Is greenwashing old news? The latest component of ESG to be subject to a good scrubbing is diversity: specifically, “diversity washing.” What’s that? According to this paper authored by academics from several institutions, including Chicago Booth and the Rock Center for Corporate Governance at Stanford, there are a number of companies that actively promote their commitments to diversity, equity and inclusion in their public communications but, in actuality, their hiring practices, well, don’t quite measure up. The authors label companies with significant discrepancies—companies that “discuss diversity more than their actual employee gender and racial diversity warrants—as ‘diversity washers.’” What’s more, the authors found, companies that engaged in diversity washing received better ratings from ESG rating firms and were often financed by ESG-focused funds, even though these companies were “more likely to incur discrimination violations and pay larger fines for these actions.” The authors cautioned companies that getting a handle on the level of misrepresentation in this area is important because “a failure to adequately address deficiencies in DEI has real effects on firms, including costly ESG audits initiated by activist shareholders, increased scrutiny from regulators, and bad publicity that can negatively affect customer loyalty.” Not to mention the “social and economic loss” for ESG investors.
The paper searched through disclosures about commitments to diversity in SEC filings for “nearly all U.S. public corporations” from 2008 through 2021, using a dictionary constructed of terms related to DEI—such as “gender discrimination,” “unconscious bias,” “people of color,” “being an ally,” “white privilege” or “pay equity.” The authors then compared the disclosures with a set of “novel data” measuring the companies’ actual employee diversity. The result: a “significant disconnect.” Where workplace diversity was out of line with the expected level of discussion of DEI, the authors treated the deviations as misrepresentations. The authors found increased prevalence of DEI-related terms over time, suggesting both an increased interest in DEI generally as well as increased potential for “opportunistic DEI disclosures.” The study also found similar misrepresentations in voluntary corporate social responsibility reports and on social media.
The authors found that companies identified as diversity washers were, on average, “larger with worse financial performance. These findings are consistent with large, high-profile companies attempting to boost their ESG profiles to lessen shareholder focus on poor financial performance.” Moreover, the study found that these companies had less workplace diversity, lost more diverse employees, and were more likely to incur higher diversity-related EEOC penalties. To the concern that companies identified as diversity washers may in fact simply be behind on their DEI commitments, the authors found that “diversity washing is not associated with subsequent improvements in underlying diversity.”
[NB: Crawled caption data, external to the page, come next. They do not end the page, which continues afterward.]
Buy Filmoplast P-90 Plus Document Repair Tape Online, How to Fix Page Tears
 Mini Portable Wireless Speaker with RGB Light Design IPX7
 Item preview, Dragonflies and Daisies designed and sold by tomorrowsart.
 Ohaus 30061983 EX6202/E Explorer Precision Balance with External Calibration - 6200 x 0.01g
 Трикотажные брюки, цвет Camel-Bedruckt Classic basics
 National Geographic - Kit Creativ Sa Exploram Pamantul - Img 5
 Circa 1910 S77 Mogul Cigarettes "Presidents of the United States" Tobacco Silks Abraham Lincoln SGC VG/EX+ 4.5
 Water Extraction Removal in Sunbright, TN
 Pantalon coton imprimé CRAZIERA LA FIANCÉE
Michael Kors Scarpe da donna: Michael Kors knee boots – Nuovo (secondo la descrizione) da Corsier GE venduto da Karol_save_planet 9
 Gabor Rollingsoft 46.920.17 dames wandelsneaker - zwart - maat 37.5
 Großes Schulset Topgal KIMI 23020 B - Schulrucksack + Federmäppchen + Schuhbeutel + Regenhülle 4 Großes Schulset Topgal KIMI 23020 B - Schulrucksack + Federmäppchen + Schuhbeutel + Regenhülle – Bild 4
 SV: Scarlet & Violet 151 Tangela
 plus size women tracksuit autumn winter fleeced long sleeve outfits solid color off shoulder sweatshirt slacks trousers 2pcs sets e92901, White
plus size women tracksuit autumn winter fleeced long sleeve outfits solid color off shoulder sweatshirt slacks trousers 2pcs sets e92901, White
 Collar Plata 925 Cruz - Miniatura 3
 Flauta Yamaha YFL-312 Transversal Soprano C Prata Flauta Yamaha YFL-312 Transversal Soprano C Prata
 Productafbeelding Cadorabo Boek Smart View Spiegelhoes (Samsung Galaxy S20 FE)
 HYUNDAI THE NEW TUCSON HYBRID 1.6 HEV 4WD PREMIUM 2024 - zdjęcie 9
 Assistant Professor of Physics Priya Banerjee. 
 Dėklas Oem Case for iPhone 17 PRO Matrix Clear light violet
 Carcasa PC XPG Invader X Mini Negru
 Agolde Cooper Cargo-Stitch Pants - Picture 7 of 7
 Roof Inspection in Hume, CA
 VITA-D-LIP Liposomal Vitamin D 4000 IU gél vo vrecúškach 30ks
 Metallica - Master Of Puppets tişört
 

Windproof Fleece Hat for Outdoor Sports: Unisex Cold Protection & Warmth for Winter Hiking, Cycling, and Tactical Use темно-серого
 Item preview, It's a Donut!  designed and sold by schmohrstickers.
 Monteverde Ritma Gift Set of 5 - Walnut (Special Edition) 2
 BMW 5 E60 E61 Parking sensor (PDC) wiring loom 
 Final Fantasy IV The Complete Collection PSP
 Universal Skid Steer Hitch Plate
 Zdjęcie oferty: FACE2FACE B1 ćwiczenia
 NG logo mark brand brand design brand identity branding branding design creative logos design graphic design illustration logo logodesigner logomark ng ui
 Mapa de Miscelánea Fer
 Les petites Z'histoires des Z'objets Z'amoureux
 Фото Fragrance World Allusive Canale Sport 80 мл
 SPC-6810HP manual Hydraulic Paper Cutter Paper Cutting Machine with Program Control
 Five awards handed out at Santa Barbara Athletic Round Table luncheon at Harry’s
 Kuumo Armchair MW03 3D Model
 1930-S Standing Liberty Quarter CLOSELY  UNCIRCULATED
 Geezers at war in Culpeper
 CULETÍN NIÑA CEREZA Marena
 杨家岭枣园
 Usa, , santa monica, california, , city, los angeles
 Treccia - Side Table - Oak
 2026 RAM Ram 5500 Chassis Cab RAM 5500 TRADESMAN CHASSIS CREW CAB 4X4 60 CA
Finally, the authors found that these DEI-related disclosures—which shareholders and stakeholders may have trouble validating—did have an impact on investors. The study showed a “positive association between diversity washers’ overall ESG and social ratings,” with one ESG rating firm awarding diversity washers an approximately 13% higher ESG score relative to non-diversity washers. In addition, the study demonstrated that diversity washers had approximately 9.4% more socially responsible investment fund ownership than non-diversity washers, highlighting the possibility that the flow of sustainable assets could be “distorted” by these misrepresentations. “This potential manipulation” the authors conclude, “is an economic benefit to diversity-washing companies and an economic and social loss for investors with an ESG focus.”